-- Scraped caption text data --
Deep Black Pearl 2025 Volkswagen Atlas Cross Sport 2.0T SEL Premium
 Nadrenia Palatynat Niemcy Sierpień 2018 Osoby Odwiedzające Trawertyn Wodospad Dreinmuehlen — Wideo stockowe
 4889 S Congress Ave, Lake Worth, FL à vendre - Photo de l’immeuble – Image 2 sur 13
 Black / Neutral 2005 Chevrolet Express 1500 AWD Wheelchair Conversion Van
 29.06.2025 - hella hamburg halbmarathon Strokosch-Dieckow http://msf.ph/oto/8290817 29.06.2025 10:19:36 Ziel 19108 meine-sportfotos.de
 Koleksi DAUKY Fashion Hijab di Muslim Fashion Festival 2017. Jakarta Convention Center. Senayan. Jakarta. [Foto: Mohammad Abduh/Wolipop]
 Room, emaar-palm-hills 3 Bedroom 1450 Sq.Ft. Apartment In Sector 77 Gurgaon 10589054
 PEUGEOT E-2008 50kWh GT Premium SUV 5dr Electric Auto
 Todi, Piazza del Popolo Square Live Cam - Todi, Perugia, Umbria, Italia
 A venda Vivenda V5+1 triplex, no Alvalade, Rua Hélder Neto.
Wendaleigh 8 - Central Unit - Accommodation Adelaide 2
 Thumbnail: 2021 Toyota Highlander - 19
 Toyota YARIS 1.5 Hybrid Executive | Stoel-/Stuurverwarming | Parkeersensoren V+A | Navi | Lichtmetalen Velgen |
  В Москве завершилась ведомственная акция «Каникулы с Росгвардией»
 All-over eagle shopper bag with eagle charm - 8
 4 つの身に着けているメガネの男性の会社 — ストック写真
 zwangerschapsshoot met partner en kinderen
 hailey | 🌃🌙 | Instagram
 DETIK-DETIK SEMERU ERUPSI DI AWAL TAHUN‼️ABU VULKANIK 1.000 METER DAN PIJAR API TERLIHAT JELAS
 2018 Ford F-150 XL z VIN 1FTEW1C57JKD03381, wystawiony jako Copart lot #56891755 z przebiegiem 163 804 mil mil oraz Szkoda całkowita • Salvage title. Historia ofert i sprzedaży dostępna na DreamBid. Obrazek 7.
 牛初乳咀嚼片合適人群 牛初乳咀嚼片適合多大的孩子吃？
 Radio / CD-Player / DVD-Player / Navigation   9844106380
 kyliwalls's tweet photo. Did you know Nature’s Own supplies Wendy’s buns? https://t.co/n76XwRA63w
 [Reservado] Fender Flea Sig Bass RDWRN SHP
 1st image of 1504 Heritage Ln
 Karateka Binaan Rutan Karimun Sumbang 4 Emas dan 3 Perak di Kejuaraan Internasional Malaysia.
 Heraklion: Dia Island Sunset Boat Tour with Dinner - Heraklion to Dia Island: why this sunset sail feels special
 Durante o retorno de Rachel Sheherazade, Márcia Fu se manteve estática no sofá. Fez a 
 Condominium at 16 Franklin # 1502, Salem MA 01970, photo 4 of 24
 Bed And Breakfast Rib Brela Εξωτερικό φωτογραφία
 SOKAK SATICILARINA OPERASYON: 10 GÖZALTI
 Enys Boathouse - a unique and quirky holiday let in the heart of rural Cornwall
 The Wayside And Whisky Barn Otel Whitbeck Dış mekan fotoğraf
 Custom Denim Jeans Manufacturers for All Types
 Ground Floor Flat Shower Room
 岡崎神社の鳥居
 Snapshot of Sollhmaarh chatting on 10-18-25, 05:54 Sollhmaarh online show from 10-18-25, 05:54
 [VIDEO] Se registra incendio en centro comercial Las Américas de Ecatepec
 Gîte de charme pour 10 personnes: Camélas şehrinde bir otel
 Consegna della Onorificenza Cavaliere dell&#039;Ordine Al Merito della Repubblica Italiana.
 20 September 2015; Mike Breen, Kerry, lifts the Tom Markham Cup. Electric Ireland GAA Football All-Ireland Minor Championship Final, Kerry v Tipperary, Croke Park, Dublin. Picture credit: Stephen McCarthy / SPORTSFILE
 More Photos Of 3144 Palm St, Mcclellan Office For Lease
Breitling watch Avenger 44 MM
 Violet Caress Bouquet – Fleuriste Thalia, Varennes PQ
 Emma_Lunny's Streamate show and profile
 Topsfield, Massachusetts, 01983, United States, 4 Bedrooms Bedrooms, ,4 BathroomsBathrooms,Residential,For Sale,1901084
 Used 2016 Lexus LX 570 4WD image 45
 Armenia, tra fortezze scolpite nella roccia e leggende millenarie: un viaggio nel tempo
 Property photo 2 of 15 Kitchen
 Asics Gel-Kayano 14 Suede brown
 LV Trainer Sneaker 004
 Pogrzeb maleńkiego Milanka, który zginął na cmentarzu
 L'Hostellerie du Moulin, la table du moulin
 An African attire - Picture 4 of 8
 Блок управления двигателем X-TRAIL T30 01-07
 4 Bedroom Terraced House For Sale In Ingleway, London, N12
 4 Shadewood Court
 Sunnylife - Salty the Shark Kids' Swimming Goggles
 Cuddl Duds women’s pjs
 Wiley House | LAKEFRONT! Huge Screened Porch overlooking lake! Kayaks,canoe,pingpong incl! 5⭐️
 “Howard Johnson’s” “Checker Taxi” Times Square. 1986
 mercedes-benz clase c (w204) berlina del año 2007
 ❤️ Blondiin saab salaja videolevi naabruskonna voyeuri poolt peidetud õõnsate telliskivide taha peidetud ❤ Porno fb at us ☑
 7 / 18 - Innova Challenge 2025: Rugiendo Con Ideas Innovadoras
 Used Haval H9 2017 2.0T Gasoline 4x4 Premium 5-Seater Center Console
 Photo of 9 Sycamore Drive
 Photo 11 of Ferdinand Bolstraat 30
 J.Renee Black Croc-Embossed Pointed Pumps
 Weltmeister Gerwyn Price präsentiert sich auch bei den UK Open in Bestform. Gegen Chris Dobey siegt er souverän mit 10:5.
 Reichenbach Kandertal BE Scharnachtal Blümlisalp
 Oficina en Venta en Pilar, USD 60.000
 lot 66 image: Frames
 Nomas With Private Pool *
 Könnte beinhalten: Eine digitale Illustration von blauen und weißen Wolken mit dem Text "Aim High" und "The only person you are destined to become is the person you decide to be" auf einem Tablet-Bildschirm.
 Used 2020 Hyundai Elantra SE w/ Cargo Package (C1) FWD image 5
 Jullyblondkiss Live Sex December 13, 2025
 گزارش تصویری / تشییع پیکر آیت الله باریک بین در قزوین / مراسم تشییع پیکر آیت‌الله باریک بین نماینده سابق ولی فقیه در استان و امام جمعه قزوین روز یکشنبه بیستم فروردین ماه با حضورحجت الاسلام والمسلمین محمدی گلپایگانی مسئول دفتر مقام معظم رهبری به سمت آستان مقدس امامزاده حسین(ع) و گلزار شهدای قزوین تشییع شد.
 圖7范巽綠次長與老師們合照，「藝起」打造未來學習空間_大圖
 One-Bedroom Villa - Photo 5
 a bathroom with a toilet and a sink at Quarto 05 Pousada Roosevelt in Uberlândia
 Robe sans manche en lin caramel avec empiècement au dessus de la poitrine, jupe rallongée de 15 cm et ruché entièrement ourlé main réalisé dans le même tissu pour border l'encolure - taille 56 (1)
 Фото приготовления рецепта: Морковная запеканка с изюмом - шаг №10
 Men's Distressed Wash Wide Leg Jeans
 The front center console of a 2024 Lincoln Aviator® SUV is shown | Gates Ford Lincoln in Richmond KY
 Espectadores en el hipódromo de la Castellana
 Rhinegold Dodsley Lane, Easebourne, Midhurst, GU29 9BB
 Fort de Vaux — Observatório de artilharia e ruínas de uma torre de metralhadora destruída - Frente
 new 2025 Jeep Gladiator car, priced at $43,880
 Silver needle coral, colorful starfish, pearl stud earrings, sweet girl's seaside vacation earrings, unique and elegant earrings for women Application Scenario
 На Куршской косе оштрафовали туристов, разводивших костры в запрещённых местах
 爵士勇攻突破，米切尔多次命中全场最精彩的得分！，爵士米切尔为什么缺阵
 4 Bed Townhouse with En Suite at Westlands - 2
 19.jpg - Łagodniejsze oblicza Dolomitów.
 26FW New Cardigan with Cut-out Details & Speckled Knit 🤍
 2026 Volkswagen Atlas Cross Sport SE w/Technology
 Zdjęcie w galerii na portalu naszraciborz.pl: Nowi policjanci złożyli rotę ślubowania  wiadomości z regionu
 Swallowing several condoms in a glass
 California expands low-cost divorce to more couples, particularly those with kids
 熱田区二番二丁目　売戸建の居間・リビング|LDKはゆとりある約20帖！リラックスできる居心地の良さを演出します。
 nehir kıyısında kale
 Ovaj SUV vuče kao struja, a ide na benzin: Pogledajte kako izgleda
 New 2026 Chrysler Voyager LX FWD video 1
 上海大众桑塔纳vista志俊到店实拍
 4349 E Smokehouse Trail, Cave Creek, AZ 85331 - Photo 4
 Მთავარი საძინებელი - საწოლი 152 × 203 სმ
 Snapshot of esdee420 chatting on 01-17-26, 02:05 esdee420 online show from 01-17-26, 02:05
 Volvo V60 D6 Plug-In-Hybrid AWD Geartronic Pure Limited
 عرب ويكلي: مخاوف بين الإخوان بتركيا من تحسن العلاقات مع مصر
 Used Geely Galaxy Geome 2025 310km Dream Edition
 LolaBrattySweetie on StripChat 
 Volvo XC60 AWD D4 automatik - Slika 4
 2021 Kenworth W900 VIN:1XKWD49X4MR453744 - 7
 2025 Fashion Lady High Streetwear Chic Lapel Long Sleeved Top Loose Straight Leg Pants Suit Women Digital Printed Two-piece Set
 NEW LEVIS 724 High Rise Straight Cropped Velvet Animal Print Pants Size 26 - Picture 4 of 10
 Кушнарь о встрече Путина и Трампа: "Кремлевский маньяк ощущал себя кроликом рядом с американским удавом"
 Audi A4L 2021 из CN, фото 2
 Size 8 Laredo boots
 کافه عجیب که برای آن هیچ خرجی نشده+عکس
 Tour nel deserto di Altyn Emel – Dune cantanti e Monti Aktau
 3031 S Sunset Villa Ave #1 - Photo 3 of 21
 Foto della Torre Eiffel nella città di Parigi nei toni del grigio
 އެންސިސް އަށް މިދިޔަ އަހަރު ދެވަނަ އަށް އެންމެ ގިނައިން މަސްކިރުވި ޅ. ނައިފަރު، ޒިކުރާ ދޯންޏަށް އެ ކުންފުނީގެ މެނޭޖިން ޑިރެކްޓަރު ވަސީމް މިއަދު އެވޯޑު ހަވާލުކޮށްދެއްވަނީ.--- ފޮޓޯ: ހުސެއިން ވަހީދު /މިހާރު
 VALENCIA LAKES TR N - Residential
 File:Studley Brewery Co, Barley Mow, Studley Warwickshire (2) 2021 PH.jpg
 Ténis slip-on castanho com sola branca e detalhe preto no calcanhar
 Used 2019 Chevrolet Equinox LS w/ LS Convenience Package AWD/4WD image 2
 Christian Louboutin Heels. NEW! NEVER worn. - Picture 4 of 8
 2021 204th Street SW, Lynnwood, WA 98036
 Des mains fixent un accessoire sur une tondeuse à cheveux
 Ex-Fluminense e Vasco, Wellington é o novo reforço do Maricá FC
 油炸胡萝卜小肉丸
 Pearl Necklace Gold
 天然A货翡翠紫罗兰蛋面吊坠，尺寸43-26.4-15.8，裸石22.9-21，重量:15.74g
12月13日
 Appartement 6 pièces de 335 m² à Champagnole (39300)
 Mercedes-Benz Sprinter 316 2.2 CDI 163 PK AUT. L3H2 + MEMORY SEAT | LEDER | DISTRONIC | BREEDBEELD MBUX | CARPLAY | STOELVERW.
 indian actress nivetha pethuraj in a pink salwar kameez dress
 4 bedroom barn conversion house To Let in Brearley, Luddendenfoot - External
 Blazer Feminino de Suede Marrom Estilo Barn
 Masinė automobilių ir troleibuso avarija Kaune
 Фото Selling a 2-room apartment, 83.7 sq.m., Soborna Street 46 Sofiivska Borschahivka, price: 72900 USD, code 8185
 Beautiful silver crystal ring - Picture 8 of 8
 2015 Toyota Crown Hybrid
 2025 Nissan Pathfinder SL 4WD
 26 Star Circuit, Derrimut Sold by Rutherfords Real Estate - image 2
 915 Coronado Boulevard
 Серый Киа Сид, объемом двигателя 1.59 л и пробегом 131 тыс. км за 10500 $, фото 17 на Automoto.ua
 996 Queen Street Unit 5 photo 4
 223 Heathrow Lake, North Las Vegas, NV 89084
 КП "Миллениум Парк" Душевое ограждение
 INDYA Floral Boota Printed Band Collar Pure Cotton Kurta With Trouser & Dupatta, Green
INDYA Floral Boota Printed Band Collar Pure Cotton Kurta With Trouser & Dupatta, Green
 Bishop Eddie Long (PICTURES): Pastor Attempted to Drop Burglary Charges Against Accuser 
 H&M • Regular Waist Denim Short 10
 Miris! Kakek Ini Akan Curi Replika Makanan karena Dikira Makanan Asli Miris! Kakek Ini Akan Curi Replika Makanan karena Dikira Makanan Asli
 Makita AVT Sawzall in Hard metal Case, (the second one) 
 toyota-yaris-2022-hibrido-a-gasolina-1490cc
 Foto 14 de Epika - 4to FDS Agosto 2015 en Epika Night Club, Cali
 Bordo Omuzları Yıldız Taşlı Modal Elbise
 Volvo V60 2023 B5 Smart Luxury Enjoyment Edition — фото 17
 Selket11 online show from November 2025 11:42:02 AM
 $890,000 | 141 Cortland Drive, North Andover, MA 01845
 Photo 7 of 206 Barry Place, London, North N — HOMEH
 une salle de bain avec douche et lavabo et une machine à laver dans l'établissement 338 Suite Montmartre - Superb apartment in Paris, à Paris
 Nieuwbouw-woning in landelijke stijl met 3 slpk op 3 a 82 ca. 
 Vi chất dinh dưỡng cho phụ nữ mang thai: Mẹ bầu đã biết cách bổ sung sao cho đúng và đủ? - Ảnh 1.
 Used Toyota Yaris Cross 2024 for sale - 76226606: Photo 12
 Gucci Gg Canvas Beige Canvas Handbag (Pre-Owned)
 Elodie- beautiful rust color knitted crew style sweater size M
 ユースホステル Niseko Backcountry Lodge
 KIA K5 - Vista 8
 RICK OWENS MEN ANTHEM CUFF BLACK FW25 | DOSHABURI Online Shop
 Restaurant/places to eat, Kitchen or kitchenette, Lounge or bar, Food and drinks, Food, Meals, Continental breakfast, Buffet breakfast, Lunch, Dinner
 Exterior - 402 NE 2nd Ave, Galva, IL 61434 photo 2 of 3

-- Task prompt --
Filter the records for the string "Trouser" and copy every line that holds it.

-- Task solution --
 INDYA Floral Boota Printed Band Collar Pure Cotton Kurta With Trouser & Dupatta, Green
INDYA Floral Boota Printed Band Collar Pure Cotton Kurta With Trouser & Dupatta, Green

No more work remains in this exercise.